### EXERCISE DIRECTIONS
From the entries below, copy every line where the string "that" appears.

(Stored items)
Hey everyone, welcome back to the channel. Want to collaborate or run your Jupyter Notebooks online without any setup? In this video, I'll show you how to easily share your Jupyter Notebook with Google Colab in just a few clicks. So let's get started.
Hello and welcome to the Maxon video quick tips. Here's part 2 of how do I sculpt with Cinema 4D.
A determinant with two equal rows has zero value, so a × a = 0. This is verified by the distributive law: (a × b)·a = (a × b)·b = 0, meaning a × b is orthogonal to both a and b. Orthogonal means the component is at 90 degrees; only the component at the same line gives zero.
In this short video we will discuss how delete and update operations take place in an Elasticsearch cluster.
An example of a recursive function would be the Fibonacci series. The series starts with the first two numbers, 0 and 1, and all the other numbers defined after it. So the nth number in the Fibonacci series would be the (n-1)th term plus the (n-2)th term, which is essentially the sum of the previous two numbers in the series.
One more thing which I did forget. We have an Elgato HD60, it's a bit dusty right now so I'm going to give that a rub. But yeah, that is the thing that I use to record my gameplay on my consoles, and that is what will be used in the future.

--

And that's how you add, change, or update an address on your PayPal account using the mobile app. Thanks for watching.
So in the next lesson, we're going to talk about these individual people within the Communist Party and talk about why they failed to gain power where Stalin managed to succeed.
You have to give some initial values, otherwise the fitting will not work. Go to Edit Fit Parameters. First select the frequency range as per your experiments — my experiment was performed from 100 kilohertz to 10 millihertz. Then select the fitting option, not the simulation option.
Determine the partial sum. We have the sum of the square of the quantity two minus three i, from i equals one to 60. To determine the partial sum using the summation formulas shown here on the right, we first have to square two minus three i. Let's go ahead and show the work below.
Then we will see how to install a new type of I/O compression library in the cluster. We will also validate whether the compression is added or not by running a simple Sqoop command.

### YOUR RESPONSE
One more thing which I did forget. We have an Elgato HD60, it's a bit dusty right now so I'm going to give that a rub. But yeah, that is the thing that I use to record my gameplay on my consoles, and that is what will be used in the future.
And that's how you add, change, or update an address on your PayPal account using the mobile app. Thanks for watching.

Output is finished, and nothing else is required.